___ Data excerpts

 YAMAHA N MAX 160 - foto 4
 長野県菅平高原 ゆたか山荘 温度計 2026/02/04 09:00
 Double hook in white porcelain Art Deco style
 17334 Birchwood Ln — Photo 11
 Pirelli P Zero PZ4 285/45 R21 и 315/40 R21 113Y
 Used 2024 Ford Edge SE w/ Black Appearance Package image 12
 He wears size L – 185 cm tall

______
___ Data excerpts

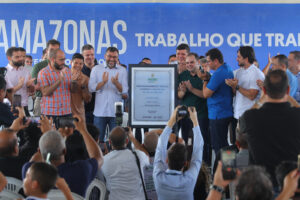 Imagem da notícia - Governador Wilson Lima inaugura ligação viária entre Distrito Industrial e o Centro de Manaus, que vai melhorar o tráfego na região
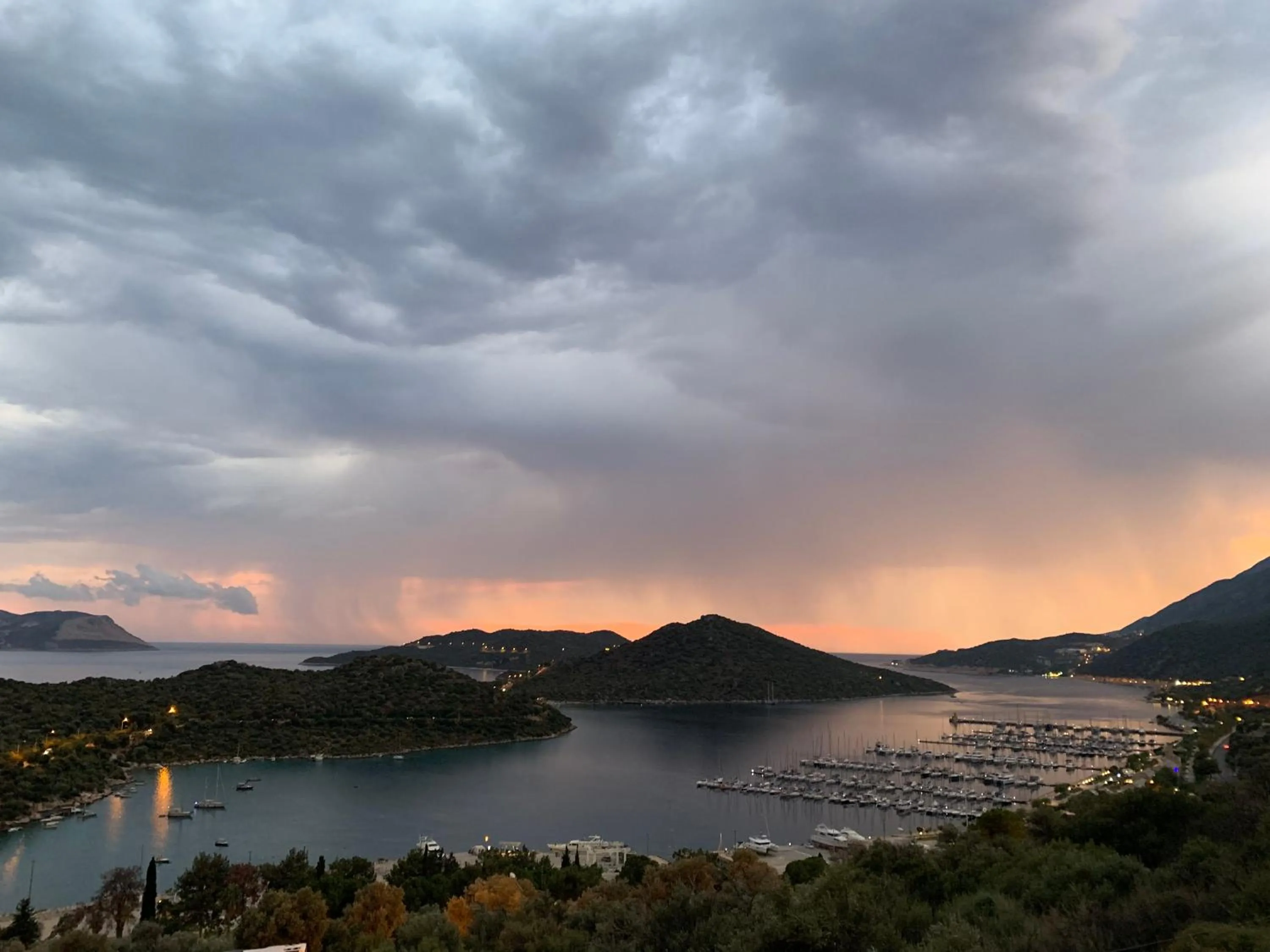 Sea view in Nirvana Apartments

______
___ Data excerpts

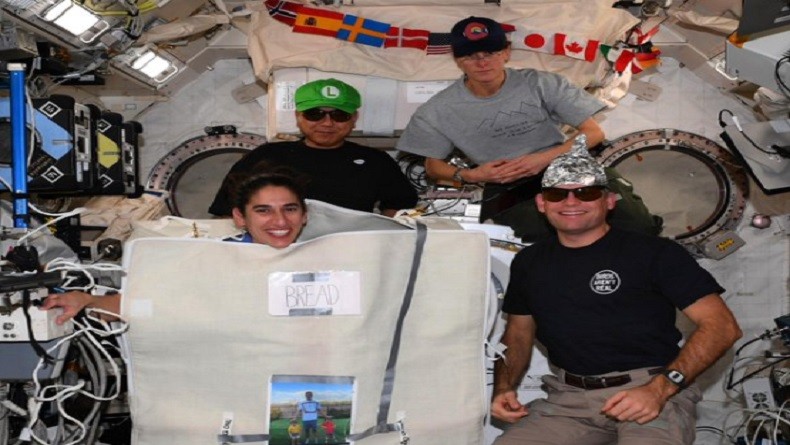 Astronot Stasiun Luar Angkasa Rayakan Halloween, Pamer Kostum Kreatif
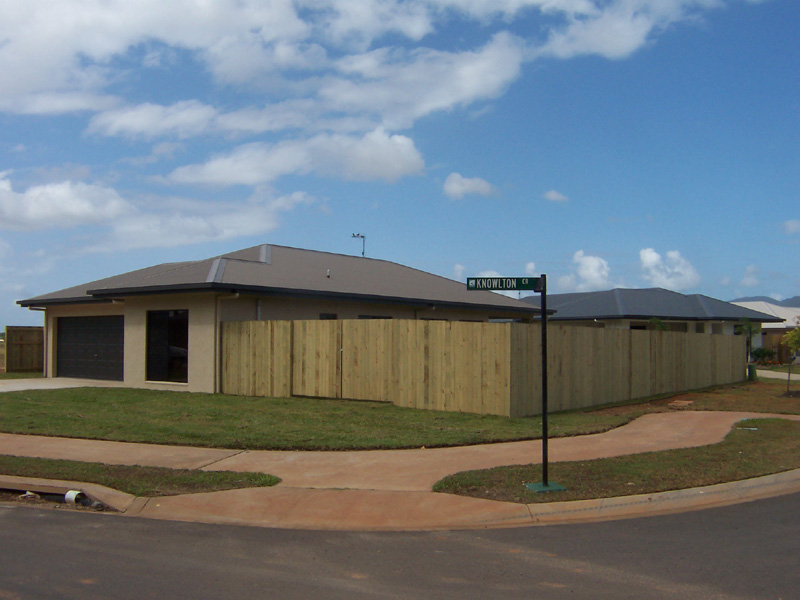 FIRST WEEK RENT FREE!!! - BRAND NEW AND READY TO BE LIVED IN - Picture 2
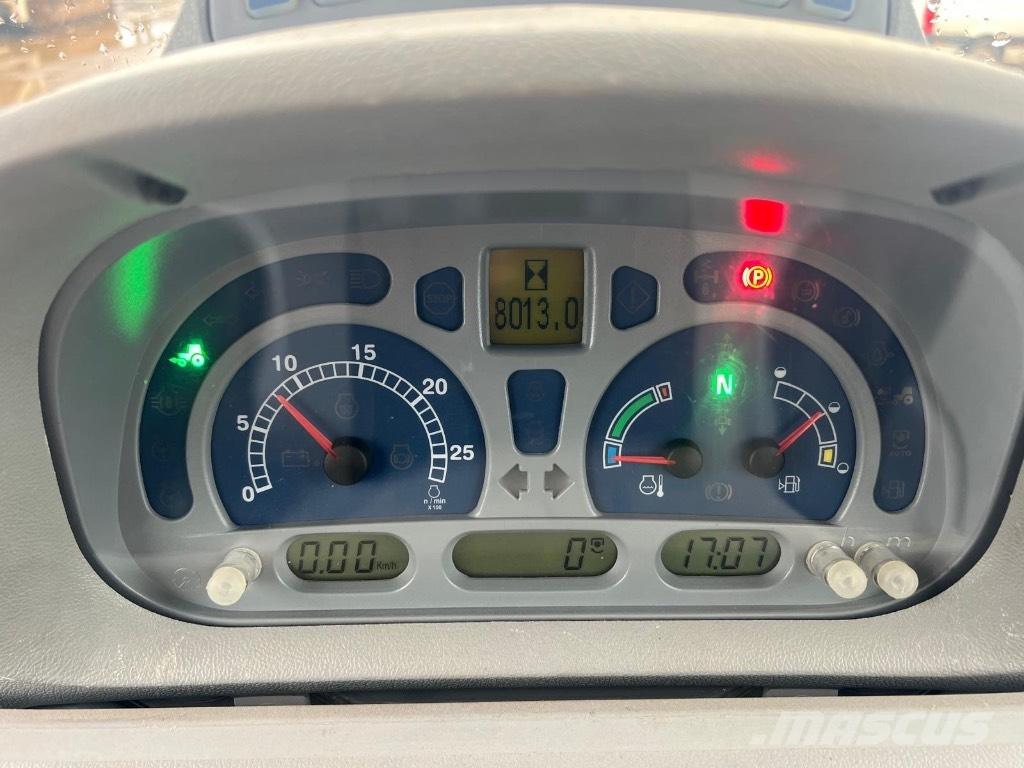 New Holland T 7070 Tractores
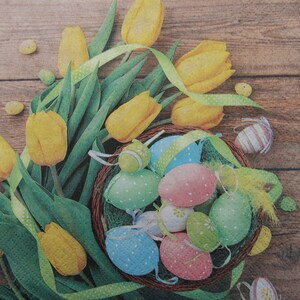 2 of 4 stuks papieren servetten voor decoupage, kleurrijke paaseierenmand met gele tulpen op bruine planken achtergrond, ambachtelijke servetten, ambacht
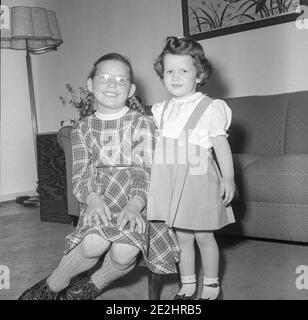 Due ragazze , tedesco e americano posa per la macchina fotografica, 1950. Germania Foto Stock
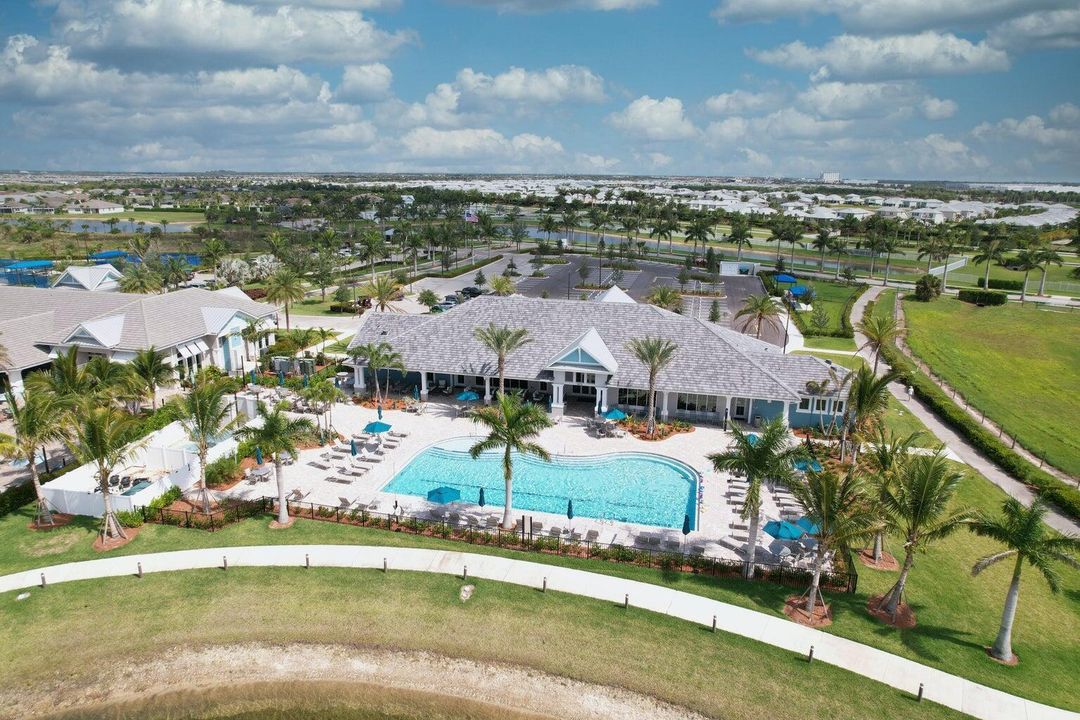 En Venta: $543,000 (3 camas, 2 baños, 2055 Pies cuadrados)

______

-- Assignment --
Give the exact lines, and only those, from the line containing "YAMAHA N MAX 160 - foto 4" through the line containing "He wears size L – 185 cm tall" in the entries above.

-- Written solution --
 YAMAHA N MAX 160 - foto 4
 長野県菅平高原 ゆたか山荘 温度計 2026/02/04 09:00
 Double hook in white porcelain Art Deco style
 17334 Birchwood Ln — Photo 11
 Pirelli P Zero PZ4 285/45 R21 и 315/40 R21 113Y
 Used 2024 Ford Edge SE w/ Black Appearance Package image 12
 He wears size L – 185 cm tall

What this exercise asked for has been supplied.